PROBLEM DETAILS: Every picture should be left out, but the lines below must be repeated exactly.

DATA BLOCK:
▬▬▬▬▬▬

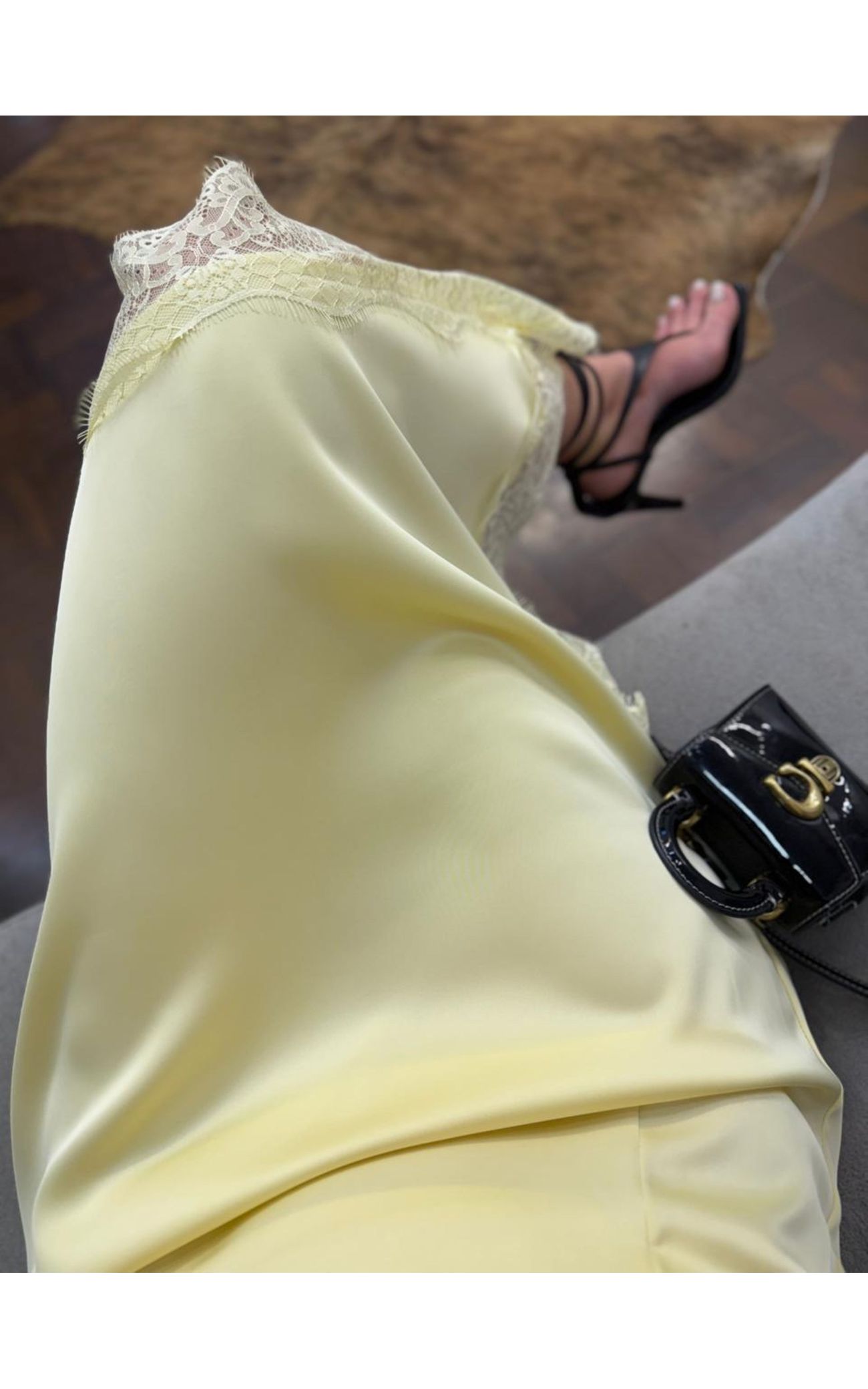 Saia Cetim e Renda Assimétrica - Amarelo Manteiga 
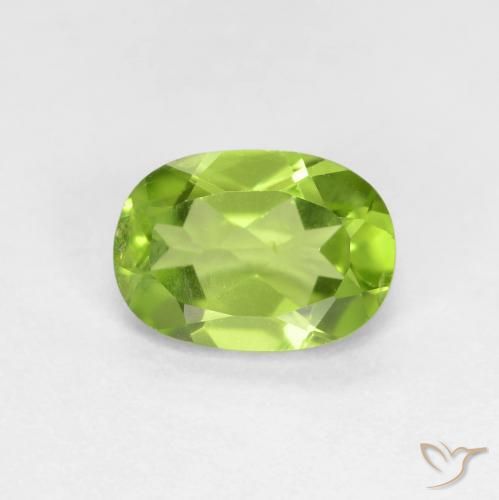 0.89ct Natural Lively Green Peridot, Oval, VS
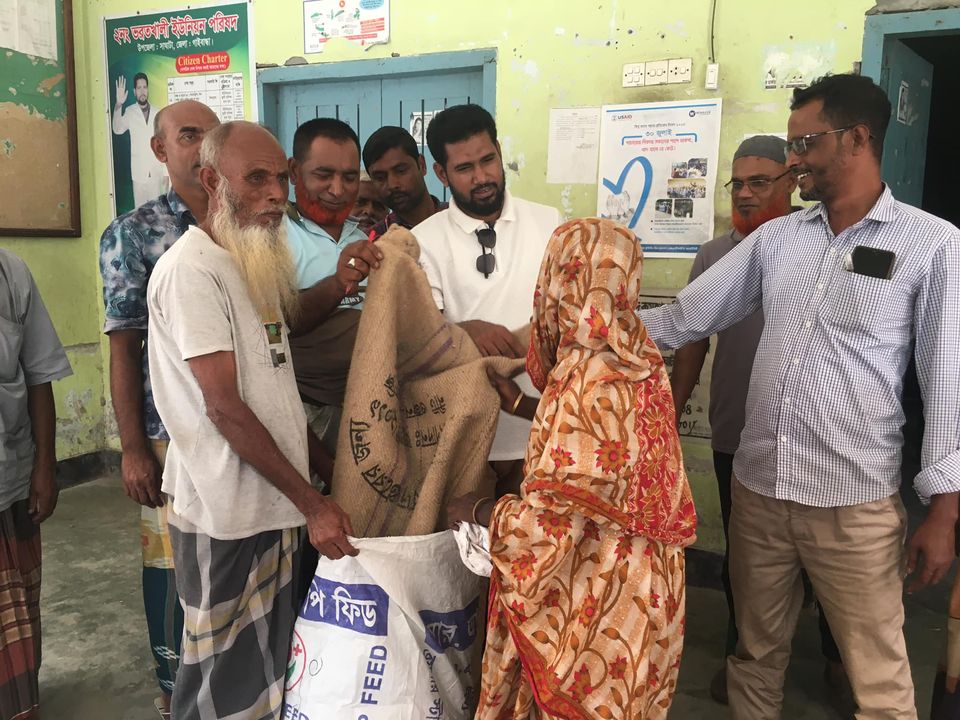 জেলেদের মাঝে চাল বিতরন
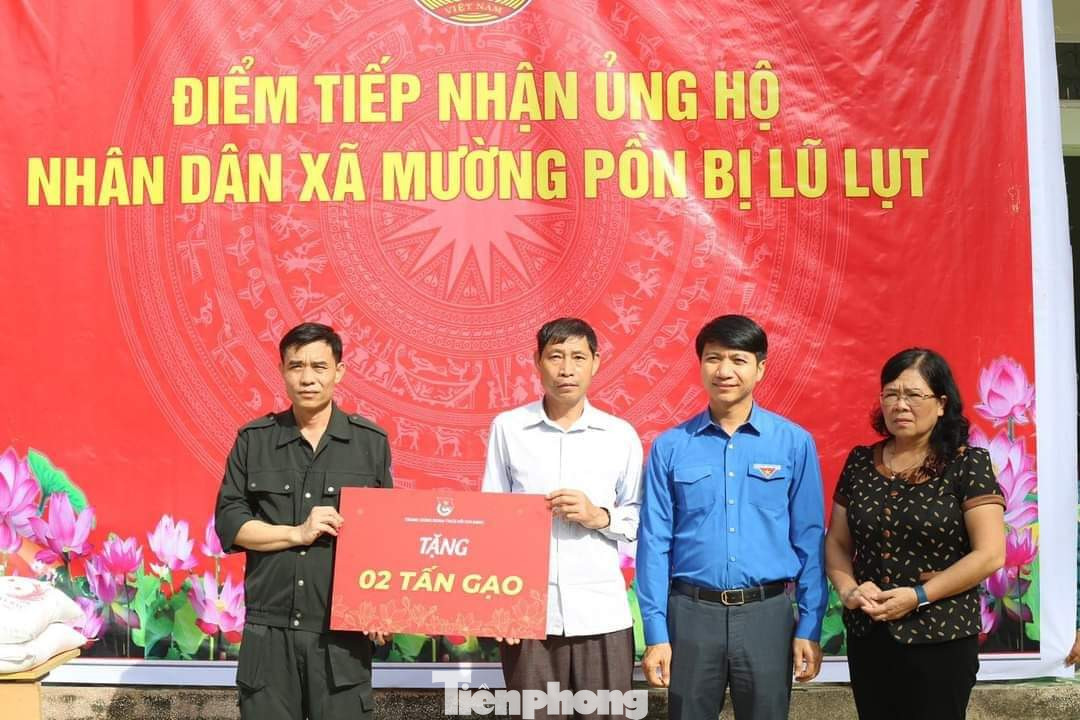 Trung ương Đoàn trao hỗ trợ người dân bị ảnh hưởng bởi mưa lũ.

▬▬▬▬▬▬

THE COMPLETED TASK:
 Saia Cetim e Renda Assimétrica - Amarelo Manteiga 
 0.89ct Natural Lively Green Peridot, Oval, VS
 জেলেদের মাঝে চাল বিতরন
 Trung ương Đoàn trao hỗ trợ người dân bị ảnh hưởng bởi mưa lũ.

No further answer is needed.